=== Problem to work on ===
Make an exact copy, from the records below, of the lines from the line containing "In a day and" to the line containing "Hello, my name", both lines included, excluding pictures.

*** Opening Data listing ***

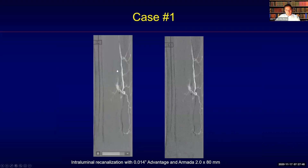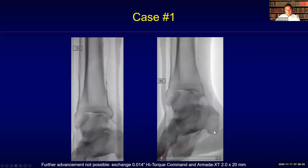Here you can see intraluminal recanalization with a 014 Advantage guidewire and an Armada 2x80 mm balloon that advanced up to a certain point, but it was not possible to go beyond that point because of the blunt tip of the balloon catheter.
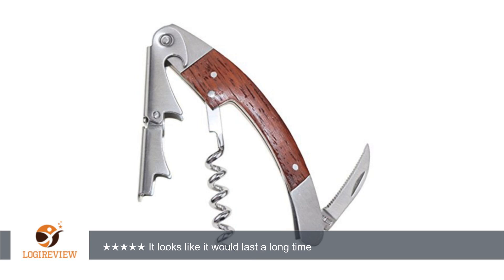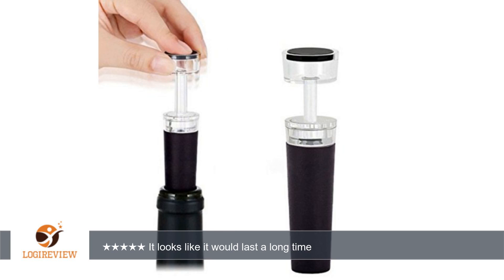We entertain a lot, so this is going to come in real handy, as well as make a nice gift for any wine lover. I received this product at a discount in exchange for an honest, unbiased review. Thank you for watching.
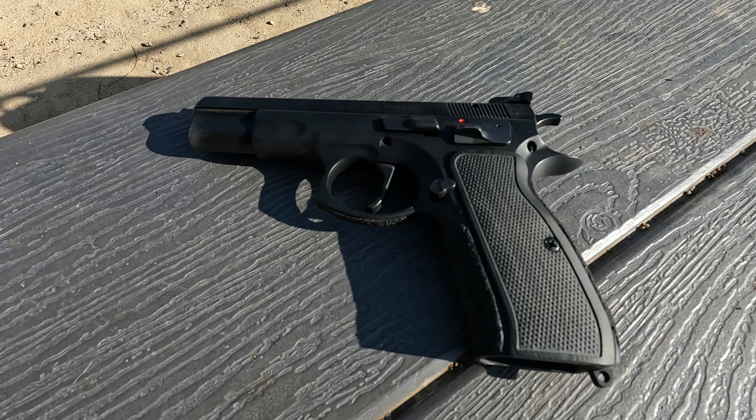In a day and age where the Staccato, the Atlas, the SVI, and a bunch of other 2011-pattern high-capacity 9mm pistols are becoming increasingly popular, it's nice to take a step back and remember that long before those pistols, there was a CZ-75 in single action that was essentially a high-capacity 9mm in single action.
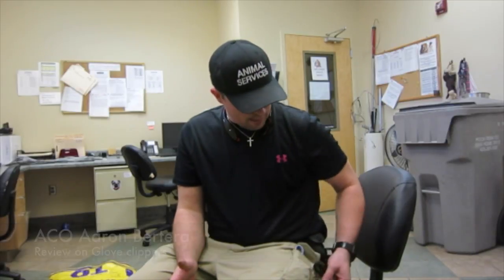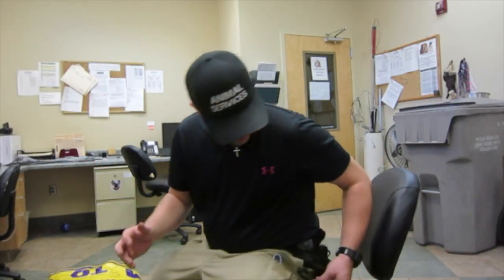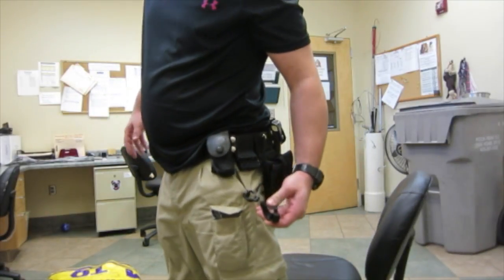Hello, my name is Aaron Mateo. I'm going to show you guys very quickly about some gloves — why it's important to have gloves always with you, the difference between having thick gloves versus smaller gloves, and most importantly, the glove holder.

*** Closing Data listing ***
*** Opening Data listing ***

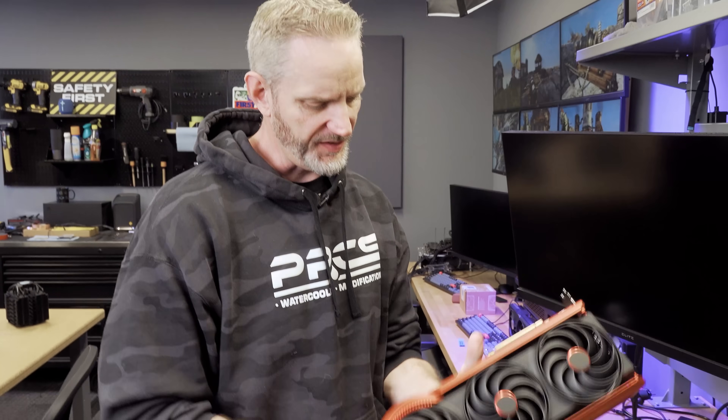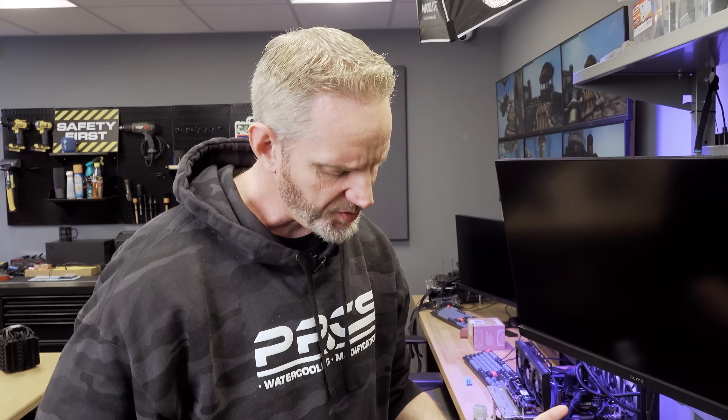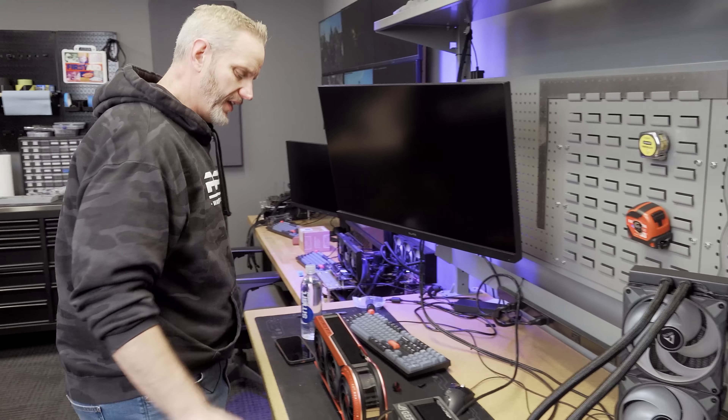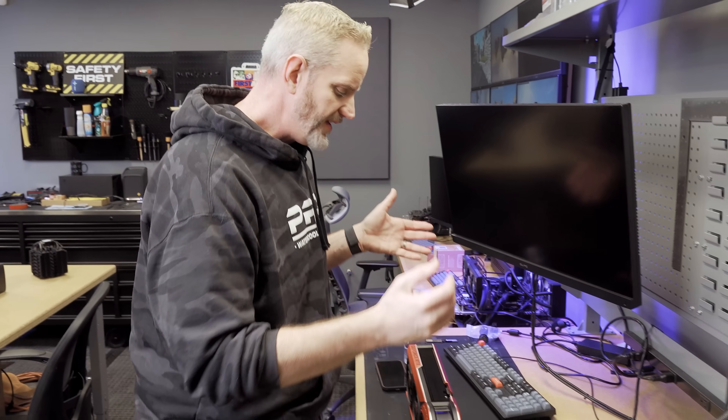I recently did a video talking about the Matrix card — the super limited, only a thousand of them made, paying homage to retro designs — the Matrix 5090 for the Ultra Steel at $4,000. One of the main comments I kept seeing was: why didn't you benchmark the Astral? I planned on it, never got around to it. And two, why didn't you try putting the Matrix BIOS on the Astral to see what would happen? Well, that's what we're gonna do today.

*** Closing Data listing ***

=== Result for this exercise ===
In a day and age where the Staccato, the Atlas, the SVI, and a bunch of other 2011-pattern high-capacity 9mm pistols are becoming increasingly popular, it's nice to take a step back and remember that long before those pistols, there was a CZ-75 in single action that was essentially a high-capacity 9mm in single action.
Hello, my name is Aaron Mateo. I'm going to show you guys very quickly about some gloves — why it's important to have gloves always with you, the difference between having thick gloves versus smaller gloves, and most importantly, the glove holder.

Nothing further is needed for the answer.